Numbness of the hand is a sign of a stroke in the neurological system (Kuo & Hu, 2018). Brain injury makes it impossible for an individual to manage nerves around the hand region, which makes it impossible to stretch specific hand muscles and nerves. Therefore, the hand either entirely or partially quits reacting to outside stimuli.
Additionally, specific sensory capabilities may be compromised depending on the part of the brain that has been damaged. Patients with stroke frequently lose the ability to sense cold to hot things. Motor deprivation also affects the central nervous system since it reduces the volume of nerve signals flowing through the hand. Thus, a stroke can be described as a severe condition that impacts not only the hand but also various body systems and might result in the irreparable disturbance of various processes.
A high muscular tone and rising tensions are referred to as hypertonia. Usually, it happens when a stroke destroys the region of the brain that communicates with the movements to control them (Kuo & Hu, 2018). These impulses tell the muscles to relax as necessary in regular muscular function. There is much stress as a response since the muscles are constantly firing.
After a stroke, hypertonia frequently impacts the hands. For instance, if the patient’s hand is affected, the arm may flex and pull inward towards the body. It also frequently affects the hand, causing it to tighten into a fist.
Contractures may form if hypertonia goes untreated for an extended period. Contractures happen when a muscle, nerve, tissue, or skin strand shrinks and stiffens. As a result, there is a reduction in mobility range and a limitation of functionality. While they can happen in the hand region, they result in numbness and reduced sensitivity.

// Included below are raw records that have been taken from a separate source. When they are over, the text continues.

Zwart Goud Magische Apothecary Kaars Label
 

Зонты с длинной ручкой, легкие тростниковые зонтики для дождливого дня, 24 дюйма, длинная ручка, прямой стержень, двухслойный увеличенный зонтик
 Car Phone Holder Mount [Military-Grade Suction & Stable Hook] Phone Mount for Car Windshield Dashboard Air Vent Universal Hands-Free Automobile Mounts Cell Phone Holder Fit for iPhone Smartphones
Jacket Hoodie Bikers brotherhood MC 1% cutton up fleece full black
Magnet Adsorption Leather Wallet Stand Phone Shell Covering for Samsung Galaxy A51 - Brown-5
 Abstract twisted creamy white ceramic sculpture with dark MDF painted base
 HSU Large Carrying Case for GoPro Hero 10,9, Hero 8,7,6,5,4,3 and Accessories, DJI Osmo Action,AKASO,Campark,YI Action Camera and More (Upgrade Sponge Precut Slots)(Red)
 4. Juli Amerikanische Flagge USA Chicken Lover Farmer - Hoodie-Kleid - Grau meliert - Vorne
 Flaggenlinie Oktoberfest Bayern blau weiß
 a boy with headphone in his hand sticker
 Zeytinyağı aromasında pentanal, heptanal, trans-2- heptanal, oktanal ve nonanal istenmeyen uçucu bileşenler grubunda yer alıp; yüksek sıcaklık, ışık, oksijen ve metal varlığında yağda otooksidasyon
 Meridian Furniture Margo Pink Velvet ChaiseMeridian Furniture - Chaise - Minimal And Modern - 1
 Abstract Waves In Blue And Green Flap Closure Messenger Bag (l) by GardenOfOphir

A stroke is a severe medical emergency that poses a life-threatening risk since it is the brain’s equivalent of cardiac arrest. Strokes are especially time-sensitive, and delayed treatment can result in death or severe brain injury. It can be scary for individuals experiencing a stroke or those close to them.
However, the range of stroke treatments is growing daily thanks to developments in brain research, scanning technology, and novel pharmaceuticals. It is crucial to seek prompt medical assistance if an individual exhibits indications of a stroke. A stroke victim’s chances of having its consequences reduced or reversed increase the quicker they receive medical attention.
References
Kuo, C. L., & Hu, G. C. (2018). Post-stroke spasticity: A review of epidemiology, pathophysiology, and treatments. International Journal of Gerontology, 12(4), 280-284.
Ostrovidov, S., Salehi, S., Costantini, M., Suthiwanich, K., Ebrahimi, M., Sadeghian, R. B.,… & Khademhosseini, A. (2019). 3D bioprinting in skeletal muscle tissue engineering. Small, 15(24), 1805530.
Tortora, G. J., & Derrickson, B. H. (2018). Principles of anatomy and physiology. John Wiley & Sons.
Weberruss, H., Maucher, J., Oberhoffer, R., & Mueller, J. (2018). Recovery of the cardiac autonomic nervous and vascular system after maximal cardiopulmonary exercise testing in recreational athletes. European journal of applied physiology, 118(1), 205-211.